Il rapporto denuncia che a ostacolare maggiormente il raggiungimento dell’obiettivo contribuiscono la discriminazione di trattamento tra uomini e donne nella cura della malattia e le leggi punitive poste in atto.
Il report sottolinea l’importanza di garantire che il 90% di chi è affetto dal virus sia reso consapevole del proprio stato; garantire inoltre che il 90% di chi è affetto dalla malattia abbia modo di essere curato e che il 90% di chi assume le medicine antiretrovirali ottenga un livello di trattamento per cui il virus scompaia, così da prevenire ogni altra possibile trasmissione.
5mila infette in più ogni settimana
Nell’Africa subsahariana, secondo il rapporto, giovani donne e ragazze tra i 15 e i 24 anni sono tre volte più esposte degli uomini al rischio di essere colpite dal virus. La popolazione femminile, infatti, vede crescere di 5mila unità ogni settimana il numero di chi si infetta.
«I paesi africani devono provvedere a offrire servizi legati a prevenire il virus nei diversi contesti di vita delle donne. Questo prestando attenzione contemporaneamente a soddisfare le necessità di donne e ragazze nei vari contesti di vita, nel servizio per una sana riproduzione sessuale, contro la violenza di genere e nella cura dell’aids stesso», ha dichiarato Winnie Byanyima, direttrice esecutiva dell’agenzia dell’Onu per l’Aids (UNAids).

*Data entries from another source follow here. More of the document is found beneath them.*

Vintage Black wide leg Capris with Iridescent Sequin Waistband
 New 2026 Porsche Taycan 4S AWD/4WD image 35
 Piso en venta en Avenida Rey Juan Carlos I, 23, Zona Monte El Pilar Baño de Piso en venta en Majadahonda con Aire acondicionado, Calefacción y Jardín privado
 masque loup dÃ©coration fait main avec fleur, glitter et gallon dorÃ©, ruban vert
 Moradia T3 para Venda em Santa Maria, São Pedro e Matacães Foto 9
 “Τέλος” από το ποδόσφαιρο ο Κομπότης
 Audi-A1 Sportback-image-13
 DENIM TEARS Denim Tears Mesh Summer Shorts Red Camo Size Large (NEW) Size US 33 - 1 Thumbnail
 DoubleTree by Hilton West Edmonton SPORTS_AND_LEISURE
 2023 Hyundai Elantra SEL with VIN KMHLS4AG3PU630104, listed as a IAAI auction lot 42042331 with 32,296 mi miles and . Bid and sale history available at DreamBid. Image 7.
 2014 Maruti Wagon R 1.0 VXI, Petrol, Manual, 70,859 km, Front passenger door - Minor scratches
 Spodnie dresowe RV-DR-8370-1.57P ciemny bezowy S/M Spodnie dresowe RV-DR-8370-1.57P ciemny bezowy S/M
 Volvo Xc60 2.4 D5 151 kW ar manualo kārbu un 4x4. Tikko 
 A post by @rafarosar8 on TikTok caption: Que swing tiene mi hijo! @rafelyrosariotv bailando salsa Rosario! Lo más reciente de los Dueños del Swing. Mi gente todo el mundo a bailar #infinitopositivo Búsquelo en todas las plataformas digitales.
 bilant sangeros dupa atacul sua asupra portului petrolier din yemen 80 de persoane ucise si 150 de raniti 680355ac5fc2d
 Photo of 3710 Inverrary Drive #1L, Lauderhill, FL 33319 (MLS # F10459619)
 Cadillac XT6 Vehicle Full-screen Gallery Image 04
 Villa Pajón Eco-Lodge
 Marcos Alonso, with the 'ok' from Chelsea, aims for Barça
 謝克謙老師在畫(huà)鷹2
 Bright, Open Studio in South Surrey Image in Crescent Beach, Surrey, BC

Byanyima, inoltre, ha invitato i governi che le pongono in atto, a cancellare le leggi che sanzionano chi è esposto a maggiore rischio di contrarre la malattia: «Le leggi punitive – ha sostenuto – impediscono la facilitazione di accesso al servizio offerto per eliminare l’hiv-aids e contribuiscono ad aumentare il rischio che si propaghi. Tra queste leggi dannose vanno segnalate la criminalizzazione dei rapporti tra persone dello stesso sesso, le persone transessuali, il nascondere lo stato di infezione e trasmissione dello stesso, il possesso e uso di droghe e attività sessuale».
Negli ultimi cinque anni, secondo i dati dell’UNAids, i paesi in cui vengono criminalizzati i portatori del virus o chi rischia di contrarlo ha visto calare, rispetto ai paesi che non criminalizzano, la percentuale di chi si sottopone a esame e di chi necessita del trattamento contro la malattia.